Existing law establishes the Renewable Energy Resources Development Fee Trust Fund as a continuously appropriated fund in the State Treasury to serve, and be managed, as an optional, voluntary method for developers or owners of eligible projects, as defined, to deposit fees sufficient to complete mitigation actions established by the department and thereby meet their requirements pursuant to the California Endangered Species Act or the certification authority of the Energy Commission.
This bill would repeal those provisions.
(13) This bill would also make conforming changes, delete obsolete provisions, and make nonsubstantive changes.
(14) Under existing law, any violation of the Fish and Game Code, or of any rule, regulation, or order made or adopted under the code, is generally a crime.
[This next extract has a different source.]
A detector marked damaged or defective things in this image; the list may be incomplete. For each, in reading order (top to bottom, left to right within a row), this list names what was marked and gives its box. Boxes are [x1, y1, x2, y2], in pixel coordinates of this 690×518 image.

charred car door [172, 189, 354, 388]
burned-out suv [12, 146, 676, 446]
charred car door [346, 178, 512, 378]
To the extent that this bill expands the definition of a crime, the bill would impose a state-mandated local program.
(15) This bill would incorporate additional changes to Section 2081 of the Fish and Game Code proposed by SB 495 to be operative only if this bill and SB 495 are enacted and this bill is enacted last.
(16) The California Constitution requires the state to reimburse local agencies and school districts for certain costs mandated by the
state. Statutory provisions establish procedures for making that reimbursement.
This bill would provide that no reimbursement is required by this act for a specified reason.